* Problem to work on: Below are lines of data; restate word for word those running from the line containing "halloween costume: 4" to the line containing "Отель Абаата", inclusive, and no others.
============================================================
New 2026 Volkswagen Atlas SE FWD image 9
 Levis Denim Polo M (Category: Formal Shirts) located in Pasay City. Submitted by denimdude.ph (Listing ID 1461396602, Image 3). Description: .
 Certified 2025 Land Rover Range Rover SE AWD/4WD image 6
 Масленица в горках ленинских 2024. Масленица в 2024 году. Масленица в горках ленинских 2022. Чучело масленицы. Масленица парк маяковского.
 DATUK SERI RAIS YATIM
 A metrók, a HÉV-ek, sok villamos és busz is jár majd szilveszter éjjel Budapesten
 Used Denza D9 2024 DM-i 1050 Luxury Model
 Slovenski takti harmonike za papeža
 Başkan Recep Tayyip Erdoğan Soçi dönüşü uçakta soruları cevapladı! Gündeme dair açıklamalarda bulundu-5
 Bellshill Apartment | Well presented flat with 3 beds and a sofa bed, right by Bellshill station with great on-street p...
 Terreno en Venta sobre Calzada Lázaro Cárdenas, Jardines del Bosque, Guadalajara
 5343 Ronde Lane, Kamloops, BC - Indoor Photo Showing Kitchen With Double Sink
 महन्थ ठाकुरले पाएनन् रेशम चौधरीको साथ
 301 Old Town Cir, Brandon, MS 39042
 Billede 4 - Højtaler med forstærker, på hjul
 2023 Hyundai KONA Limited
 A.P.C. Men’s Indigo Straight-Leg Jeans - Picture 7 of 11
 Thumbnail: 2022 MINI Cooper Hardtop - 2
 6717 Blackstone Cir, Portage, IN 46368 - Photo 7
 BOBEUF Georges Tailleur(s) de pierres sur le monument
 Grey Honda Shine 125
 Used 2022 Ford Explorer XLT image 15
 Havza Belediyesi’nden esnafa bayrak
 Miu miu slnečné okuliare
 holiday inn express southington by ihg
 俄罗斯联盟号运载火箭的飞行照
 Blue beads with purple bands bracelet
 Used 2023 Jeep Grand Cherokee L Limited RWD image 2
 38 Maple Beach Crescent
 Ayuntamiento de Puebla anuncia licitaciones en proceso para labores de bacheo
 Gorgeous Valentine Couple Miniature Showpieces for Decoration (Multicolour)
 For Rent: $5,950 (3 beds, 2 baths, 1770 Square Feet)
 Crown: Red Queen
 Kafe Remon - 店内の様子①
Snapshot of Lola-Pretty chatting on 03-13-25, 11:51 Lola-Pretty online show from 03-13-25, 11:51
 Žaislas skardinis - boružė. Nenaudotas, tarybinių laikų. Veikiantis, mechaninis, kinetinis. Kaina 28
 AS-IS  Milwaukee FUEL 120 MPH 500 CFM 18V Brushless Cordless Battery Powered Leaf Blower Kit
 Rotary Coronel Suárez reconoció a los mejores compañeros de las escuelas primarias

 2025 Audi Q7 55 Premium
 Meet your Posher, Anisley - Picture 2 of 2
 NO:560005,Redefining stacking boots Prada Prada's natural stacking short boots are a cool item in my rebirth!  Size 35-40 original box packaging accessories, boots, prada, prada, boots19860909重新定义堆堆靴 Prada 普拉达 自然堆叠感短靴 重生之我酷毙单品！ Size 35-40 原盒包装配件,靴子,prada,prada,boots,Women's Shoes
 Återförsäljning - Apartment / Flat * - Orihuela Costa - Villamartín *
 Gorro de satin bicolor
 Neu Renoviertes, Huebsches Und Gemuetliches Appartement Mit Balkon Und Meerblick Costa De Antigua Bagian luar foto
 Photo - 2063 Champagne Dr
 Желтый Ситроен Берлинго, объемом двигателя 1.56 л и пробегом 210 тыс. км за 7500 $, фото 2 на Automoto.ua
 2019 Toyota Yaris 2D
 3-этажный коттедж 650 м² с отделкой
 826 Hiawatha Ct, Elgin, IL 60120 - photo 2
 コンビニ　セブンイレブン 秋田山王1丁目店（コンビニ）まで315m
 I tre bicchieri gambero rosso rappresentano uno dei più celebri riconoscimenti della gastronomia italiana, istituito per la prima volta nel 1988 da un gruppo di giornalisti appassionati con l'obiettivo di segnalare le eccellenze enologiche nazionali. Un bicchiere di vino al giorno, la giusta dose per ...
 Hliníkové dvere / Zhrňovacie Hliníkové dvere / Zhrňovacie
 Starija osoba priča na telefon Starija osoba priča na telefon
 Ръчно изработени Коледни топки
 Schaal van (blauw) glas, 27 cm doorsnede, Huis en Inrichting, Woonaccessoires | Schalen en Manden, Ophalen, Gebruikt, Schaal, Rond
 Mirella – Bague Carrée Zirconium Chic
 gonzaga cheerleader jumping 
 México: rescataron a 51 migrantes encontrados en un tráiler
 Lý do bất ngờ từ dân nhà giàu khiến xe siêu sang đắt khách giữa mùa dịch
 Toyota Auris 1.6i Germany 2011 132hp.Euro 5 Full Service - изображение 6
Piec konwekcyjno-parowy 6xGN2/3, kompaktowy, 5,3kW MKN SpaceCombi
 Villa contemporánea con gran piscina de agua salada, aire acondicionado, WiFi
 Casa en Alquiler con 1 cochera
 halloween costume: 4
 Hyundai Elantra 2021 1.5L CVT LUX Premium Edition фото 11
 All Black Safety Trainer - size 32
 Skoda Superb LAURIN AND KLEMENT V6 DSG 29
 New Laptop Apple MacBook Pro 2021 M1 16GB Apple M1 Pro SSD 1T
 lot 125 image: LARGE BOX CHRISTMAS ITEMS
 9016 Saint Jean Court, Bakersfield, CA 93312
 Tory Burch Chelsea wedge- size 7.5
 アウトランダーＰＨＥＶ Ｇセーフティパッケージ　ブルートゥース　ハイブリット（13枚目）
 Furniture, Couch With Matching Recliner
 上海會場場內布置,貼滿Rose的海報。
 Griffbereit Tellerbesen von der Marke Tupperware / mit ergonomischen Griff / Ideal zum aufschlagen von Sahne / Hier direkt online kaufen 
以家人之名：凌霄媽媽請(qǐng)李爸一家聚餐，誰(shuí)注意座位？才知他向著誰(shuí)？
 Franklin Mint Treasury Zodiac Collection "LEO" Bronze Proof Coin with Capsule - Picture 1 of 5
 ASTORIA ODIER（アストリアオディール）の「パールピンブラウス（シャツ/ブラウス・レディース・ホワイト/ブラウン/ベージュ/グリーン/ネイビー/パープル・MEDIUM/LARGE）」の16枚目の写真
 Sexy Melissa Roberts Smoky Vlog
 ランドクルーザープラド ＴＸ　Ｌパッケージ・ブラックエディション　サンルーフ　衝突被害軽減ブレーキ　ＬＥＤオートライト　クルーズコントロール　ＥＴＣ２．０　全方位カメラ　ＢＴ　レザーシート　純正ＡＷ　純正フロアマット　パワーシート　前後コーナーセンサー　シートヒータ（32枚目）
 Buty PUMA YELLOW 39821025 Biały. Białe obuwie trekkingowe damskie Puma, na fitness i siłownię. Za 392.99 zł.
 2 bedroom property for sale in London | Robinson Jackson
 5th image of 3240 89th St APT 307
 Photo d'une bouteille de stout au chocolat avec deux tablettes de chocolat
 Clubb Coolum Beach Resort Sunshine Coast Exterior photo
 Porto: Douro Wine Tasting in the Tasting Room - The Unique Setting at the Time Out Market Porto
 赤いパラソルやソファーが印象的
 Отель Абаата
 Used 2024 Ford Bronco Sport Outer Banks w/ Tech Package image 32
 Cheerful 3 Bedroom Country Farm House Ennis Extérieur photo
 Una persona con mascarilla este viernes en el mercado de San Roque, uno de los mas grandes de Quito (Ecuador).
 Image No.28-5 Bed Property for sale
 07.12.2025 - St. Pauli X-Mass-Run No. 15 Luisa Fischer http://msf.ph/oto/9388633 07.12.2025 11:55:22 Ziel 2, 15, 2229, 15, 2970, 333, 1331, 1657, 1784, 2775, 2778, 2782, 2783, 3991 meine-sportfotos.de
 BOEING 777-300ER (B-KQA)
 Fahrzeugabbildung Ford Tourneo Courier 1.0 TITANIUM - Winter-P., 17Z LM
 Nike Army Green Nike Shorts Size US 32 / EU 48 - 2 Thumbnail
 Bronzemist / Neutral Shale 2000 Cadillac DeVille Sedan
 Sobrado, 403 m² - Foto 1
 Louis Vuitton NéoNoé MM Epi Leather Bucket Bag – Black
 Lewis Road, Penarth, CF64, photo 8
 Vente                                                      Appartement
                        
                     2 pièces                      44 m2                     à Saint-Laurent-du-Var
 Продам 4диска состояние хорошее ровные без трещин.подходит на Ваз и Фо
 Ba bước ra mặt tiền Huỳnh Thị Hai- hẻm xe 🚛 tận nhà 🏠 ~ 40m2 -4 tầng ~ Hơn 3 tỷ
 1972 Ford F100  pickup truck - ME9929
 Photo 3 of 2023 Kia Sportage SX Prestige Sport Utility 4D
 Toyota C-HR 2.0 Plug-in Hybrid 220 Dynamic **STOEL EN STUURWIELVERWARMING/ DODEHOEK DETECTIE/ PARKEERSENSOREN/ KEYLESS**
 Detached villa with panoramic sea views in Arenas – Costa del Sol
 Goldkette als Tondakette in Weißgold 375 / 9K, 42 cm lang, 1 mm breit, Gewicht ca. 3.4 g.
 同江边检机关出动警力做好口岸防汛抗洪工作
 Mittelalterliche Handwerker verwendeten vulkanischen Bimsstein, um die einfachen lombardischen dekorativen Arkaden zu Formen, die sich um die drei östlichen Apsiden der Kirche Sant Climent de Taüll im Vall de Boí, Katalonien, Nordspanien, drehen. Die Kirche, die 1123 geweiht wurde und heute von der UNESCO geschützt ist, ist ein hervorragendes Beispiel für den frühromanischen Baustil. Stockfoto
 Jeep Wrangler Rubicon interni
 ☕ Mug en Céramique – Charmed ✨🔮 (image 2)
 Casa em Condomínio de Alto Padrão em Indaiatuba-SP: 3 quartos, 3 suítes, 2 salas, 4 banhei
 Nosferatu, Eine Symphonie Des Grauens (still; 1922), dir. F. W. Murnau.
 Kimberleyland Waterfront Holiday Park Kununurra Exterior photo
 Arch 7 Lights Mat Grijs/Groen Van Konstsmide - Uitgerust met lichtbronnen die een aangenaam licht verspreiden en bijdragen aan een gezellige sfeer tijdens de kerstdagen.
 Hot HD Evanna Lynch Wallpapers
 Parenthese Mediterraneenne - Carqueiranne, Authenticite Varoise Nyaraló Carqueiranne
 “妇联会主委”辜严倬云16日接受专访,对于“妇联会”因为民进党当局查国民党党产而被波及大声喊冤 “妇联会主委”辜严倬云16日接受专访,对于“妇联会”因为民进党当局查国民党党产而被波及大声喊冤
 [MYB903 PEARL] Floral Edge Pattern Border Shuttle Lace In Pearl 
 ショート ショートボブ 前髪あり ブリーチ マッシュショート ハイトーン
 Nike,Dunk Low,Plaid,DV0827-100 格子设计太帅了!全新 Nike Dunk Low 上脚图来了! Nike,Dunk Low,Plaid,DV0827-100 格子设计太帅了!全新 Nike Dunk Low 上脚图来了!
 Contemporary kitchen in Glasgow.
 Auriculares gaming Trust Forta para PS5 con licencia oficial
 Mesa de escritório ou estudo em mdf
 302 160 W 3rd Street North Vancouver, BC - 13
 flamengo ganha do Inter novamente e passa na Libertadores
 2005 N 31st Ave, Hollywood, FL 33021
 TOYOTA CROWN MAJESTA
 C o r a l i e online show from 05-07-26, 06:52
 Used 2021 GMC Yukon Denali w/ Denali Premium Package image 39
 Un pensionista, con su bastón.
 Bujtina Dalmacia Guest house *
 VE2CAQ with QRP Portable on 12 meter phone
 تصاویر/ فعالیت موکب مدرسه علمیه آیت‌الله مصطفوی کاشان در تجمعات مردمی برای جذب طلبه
============================================================
* Written answer:
 halloween costume: 4
 Hyundai Elantra 2021 1.5L CVT LUX Premium Edition фото 11
 All Black Safety Trainer - size 32
 Skoda Superb LAURIN AND KLEMENT V6 DSG 29
 New Laptop Apple MacBook Pro 2021 M1 16GB Apple M1 Pro SSD 1T
 lot 125 image: LARGE BOX CHRISTMAS ITEMS
 9016 Saint Jean Court, Bakersfield, CA 93312
 Tory Burch Chelsea wedge- size 7.5
 アウトランダーＰＨＥＶ Ｇセーフティパッケージ　ブルートゥース　ハイブリット（13枚目）
 Furniture, Couch With Matching Recliner
 上海會場場內布置,貼滿Rose的海報。
 Griffbereit Tellerbesen von der Marke Tupperware / mit ergonomischen Griff / Ideal zum aufschlagen von Sahne / Hier direkt online kaufen 
以家人之名：凌霄媽媽請(qǐng)李爸一家聚餐，誰(shuí)注意座位？才知他向著誰(shuí)？
 Franklin Mint Treasury Zodiac Collection "LEO" Bronze Proof Coin with Capsule - Picture 1 of 5
 ASTORIA ODIER（アストリアオディール）の「パールピンブラウス（シャツ/ブラウス・レディース・ホワイト/ブラウン/ベージュ/グリーン/ネイビー/パープル・MEDIUM/LARGE）」の16枚目の写真
 Sexy Melissa Roberts Smoky Vlog
 ランドクルーザープラド ＴＸ　Ｌパッケージ・ブラックエディション　サンルーフ　衝突被害軽減ブレーキ　ＬＥＤオートライト　クルーズコントロール　ＥＴＣ２．０　全方位カメラ　ＢＴ　レザーシート　純正ＡＷ　純正フロアマット　パワーシート　前後コーナーセンサー　シートヒータ（32枚目）
 Buty PUMA YELLOW 39821025 Biały. Białe obuwie trekkingowe damskie Puma, na fitness i siłownię. Za 392.99 zł.
 2 bedroom property for sale in London | Robinson Jackson
 5th image of 3240 89th St APT 307
 Photo d'une bouteille de stout au chocolat avec deux tablettes de chocolat
 Clubb Coolum Beach Resort Sunshine Coast Exterior photo
 Porto: Douro Wine Tasting in the Tasting Room - The Unique Setting at the Time Out Market Porto
 赤いパラソルやソファーが印象的
 Отель Абаата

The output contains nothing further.